Triangles like this can be useful because they give us a measuring objective for the price move once we see a breakout from within the boundaries of the triangle.  The height of the triangle is measured as shown by the solid pink link, and then that vertical distance is applied to measure from wherever the breakout point comes, either upward or downward.  So in the case of that triangle, the roughly 100 point height gets subtracted from the point where prices broke down out of the triangle in December 2012 to produce a downside measuring objective of around $1585/oz.

One could calculate these numbers with more exacting precision, but to do so could create the misleading impression that prices will live up to that precision.  Real life does not work that way, and so I have found that using approximations is much better, just to keep expectations in check.  The idea is that you are getting an "objective", which is not the same thing as a guarantee.  And prices don't have to stop just because they reach an objective; they can go on well beyond it. 

Partway down from the breakdown out of that first triangle, gold prices paused to form what turned out to be another triangle structure.  It was even more interesting that the formation of that second triangle involved two separate retests of the underside of the broken (solid) uptrend line from that first triangle.  We can now see that prices broke down once again out of that second triangle, and so the blue lines are meant to show what the downside objective would be from using that second triangle. 

Interestingly, that second triangle carried an almost identical message, calling for a downside objective just a little bit lower than the $1585 objective from the first (pink) one. 

Now we see that both objectives have been met.  I had been officially bearish for my "current opinion" on gold as published in our Daily Edition, but now with the downside objective reached and an obvious oversold condition evident, I exited to a "neutral" stance.  I don't think it is time to catch the falling knife and bet on a big gold rebound, but at the same time I am out of arguments for why gold should continue lower.  I will be updating that opinion in the Daily Edition as time moves forward. 
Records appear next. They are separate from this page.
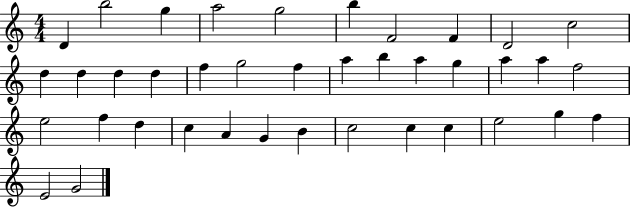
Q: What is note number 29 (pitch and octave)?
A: A4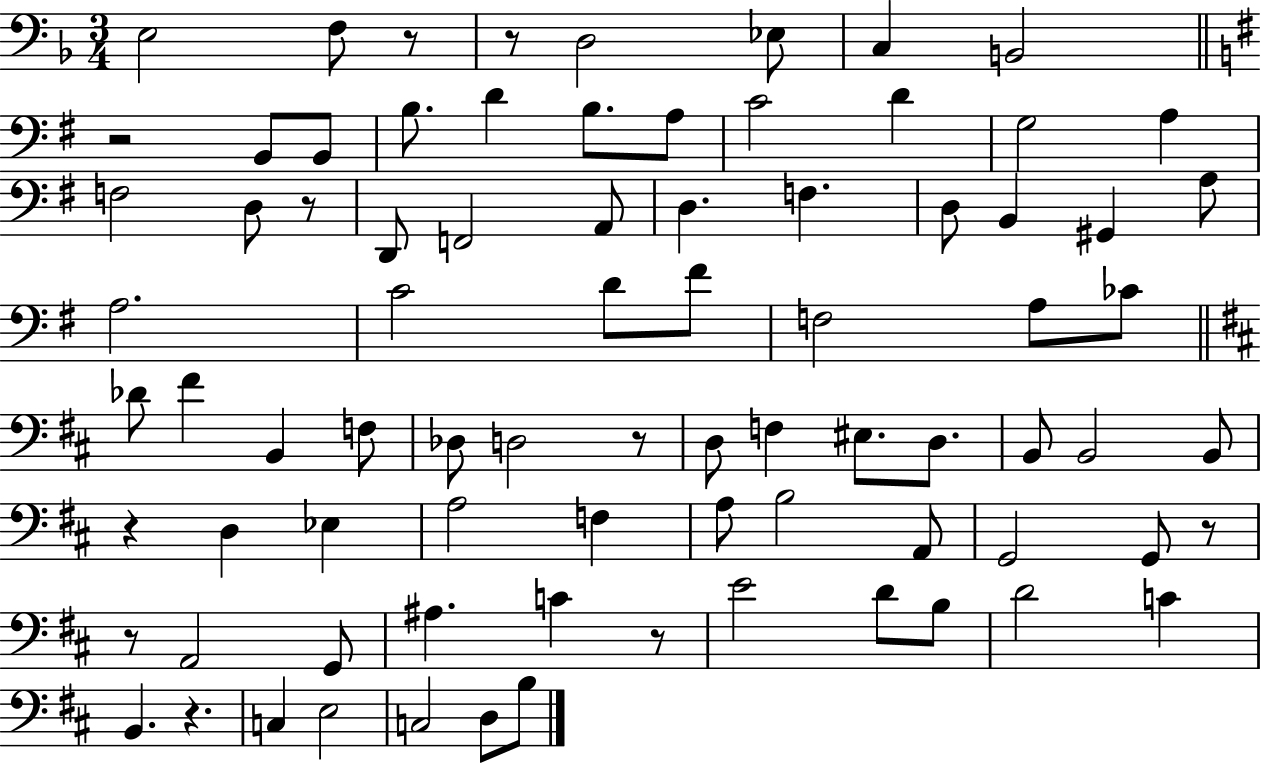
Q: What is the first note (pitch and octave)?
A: E3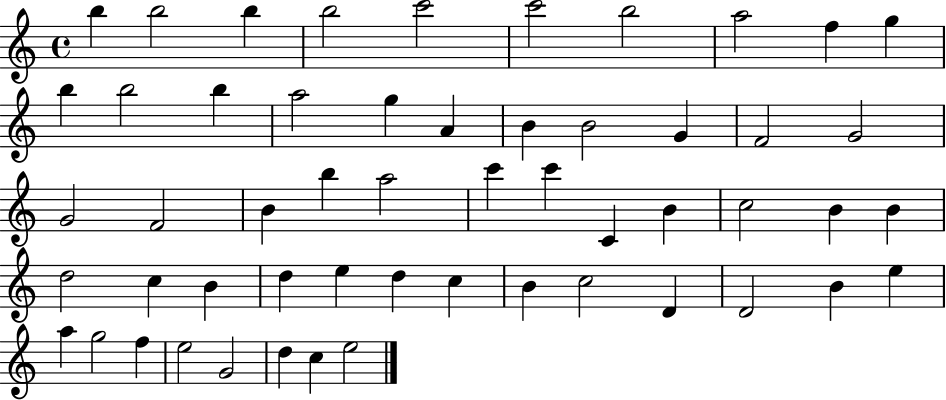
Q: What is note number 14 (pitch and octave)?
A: A5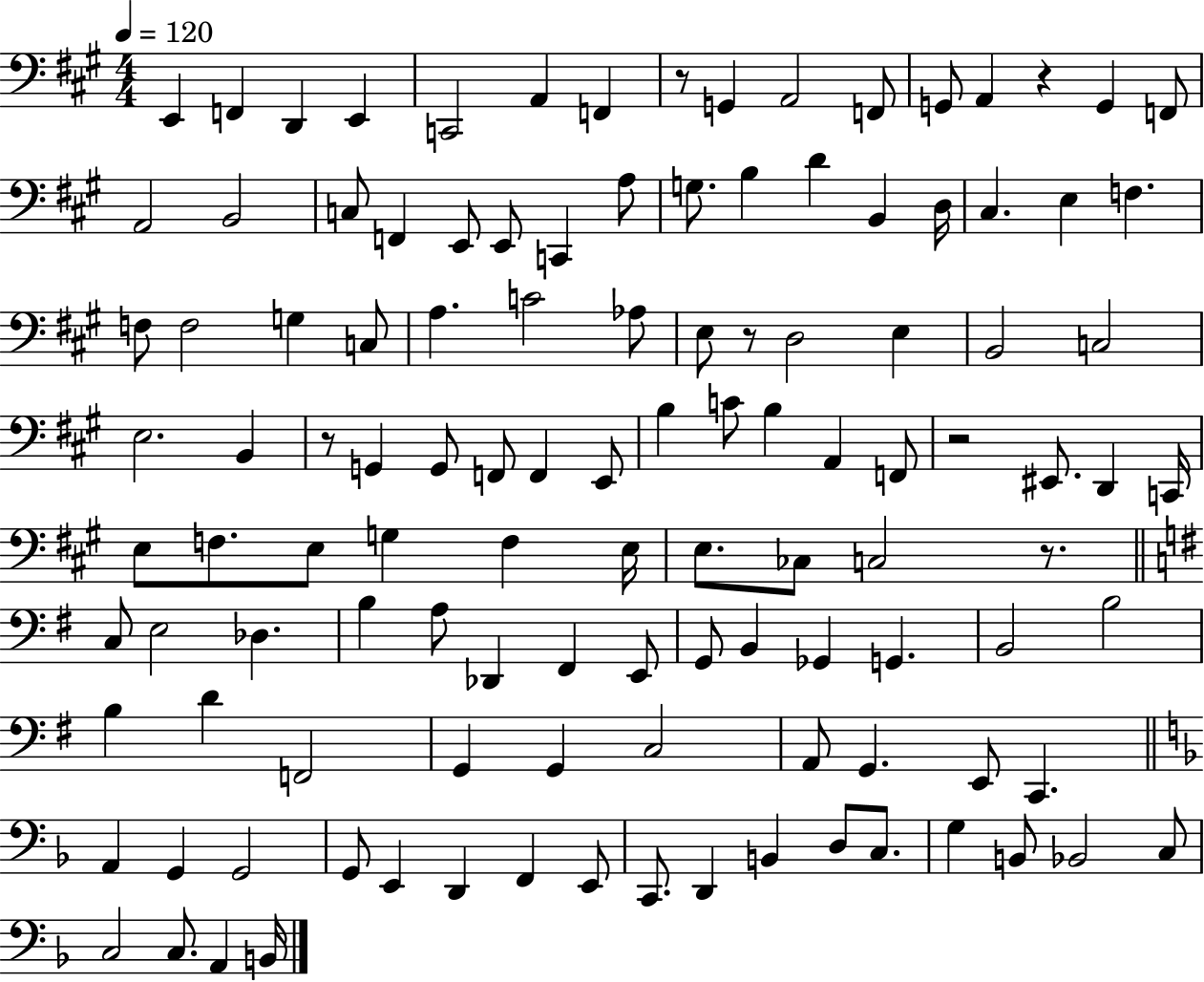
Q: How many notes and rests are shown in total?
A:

There is one last point about using classic bar chart analysis techniques.  Most of the classic Edwards and Magee style chart analysis ideas come from the days when they were developed for stock price charts.  I am talking about chart structures like head and shoulders, rounding bottom, flags and pennants, triangles, triple tops, etc.  It can be risky to just transplant those analysis techniques to a different market, especially commodities, and to then just assume that they will work the same. 

The psychology of commodities markets, the bond market, currencies, etc. is much different from how traders think about stock prices movements.  People don't buy stocks to consume them, like they do with oil or wheat; the only use for a stock is to (hopefully) earn dividends and capital gains from owning them.  Accordingly, chart pattern analysis does not necessarily work the same in other markets, because the psychology which drives the patterns is different. 

I ignore out of hand all head and shoulders structures outside of stock price charts because I have found that they are just not that reliable.  One also cannot do the volume analysis piece as easily, which Edwards and Magee asserted was essential for validating or refuting a head and shoulders structure. 

By looking at a lot of charts, I have satisfied myself that triangles "work" for gold prices as they did in this case.  Anyone wanting to employ such charting techniques outside the stock market should put himself through a similar process of validating that they work in the other market before just assuming that they do.